We are constantly looking for ways to grow our business, but our biggest asset isn't our strategy, or monthly revenue, it's the people behind it driving that success: Your employees. In an article she contributed to Entrepreneur entitled "Want Your Business to Grow? Help Your Employees Succeed," Abigail Phillips writes: "We’ve all heard the saying that 'a team is only as strong as its weakest link,' but the number of business leaders choosing to ignore this sentiment is staggering, as they are more concerned with their own development and less so with their employees. Not a smart move. Investing time in your employees and giving them the tools they need to develop is incredibly important for output quality, morale and retention."
Want to empower your employees? Identify clear opportunities for growth
Lead by example
The focal point of leadership is to guide a team of individuals to success. It's about using failure as insights and obstacles as experience.
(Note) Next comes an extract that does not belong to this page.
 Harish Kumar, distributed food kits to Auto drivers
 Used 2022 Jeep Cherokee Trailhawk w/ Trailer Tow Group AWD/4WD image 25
Ultimately, it's about serving as a role model for your employees and leading by example. And it's a two-way street: If you want your employees to be dedicated to your company mission, you must also be dedicated to your employees. Take an active role in your employees' success by making opportunity for growth apparent, helping your employees develop new skills and empowering them to take the lead and make smart decisions that will benefit the company as a whole.
Encourage your employees to expand their interests
In today's professional world, interns are very prevalent in the workplace. If this is the case for your organization, or much of your leaders started in entry-level positions, use their career moves as a chance to replicate success by offering advancement opportunities. While promotion is typically the first thing to come to mind, it's not the only way to encourage new responsibilities and individual growth.
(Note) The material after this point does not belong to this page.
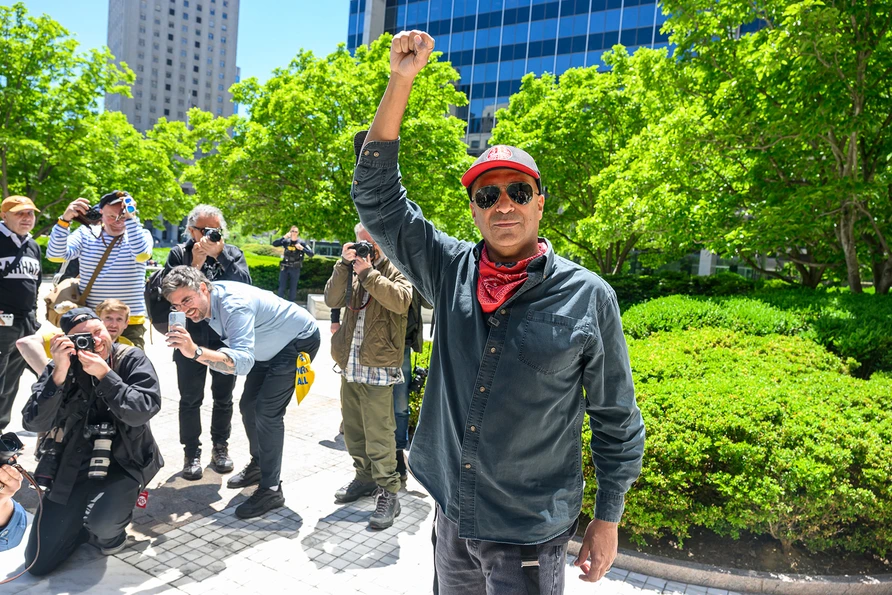 Tom Morello at Hands of NYC Rally at 26 Federal Plaza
Consider supporting each member of your team with opportunities for employee shadowing or training to help them develop the skills they need to take initiative and build momentum overtime. When your employees are made aware of the opportunities available to them, they're likely to feel valued and thus envision a future with you.
Offer focused feedback
Do you want your employees in for the long haul? Of course you do. The truth is, people—managers, employers and employees alike—are often quick to focus on negative performance instead of acknowledging the positive. It's more effective to focus on what your employees are doing right, than what they are doing wrong. In fact too much time spent finger-pointing rather than providing constructive feedback may leave your employees feeling bitter and disconnected from their roles. Instead of simply pointing out what an employee did wrong, use every conversation as an opportunity to empower your employees through focused feedback.
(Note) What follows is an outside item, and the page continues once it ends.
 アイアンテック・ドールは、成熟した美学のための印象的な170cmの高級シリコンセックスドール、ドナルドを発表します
Finally, remember that a little can go a long way with your employees. According to Training Magazine: "Employees who are recognized for their accomplishments are twice as likely to feel a sense of drive and determination in their organization. So give praise, write thank you notes, celebrate your people. Be specific about what was done and the effect it had on the organization."
Play to their strengths
Phillips continues: "Leadership is about more than overseeing a team of people, it's about ensuring everybody on that team is working to the very best of their ability. Make sure all your people are in the right position within the company. Help your employees identify their strengths and make them aware of opportunities that suit their key skills." If some of your employees exemplify dedication, but they aren't in a role where their talent can flourish, don't resolve the issue by letting them go. Chances are they are highly capable of succeeding—they just need to find the right position.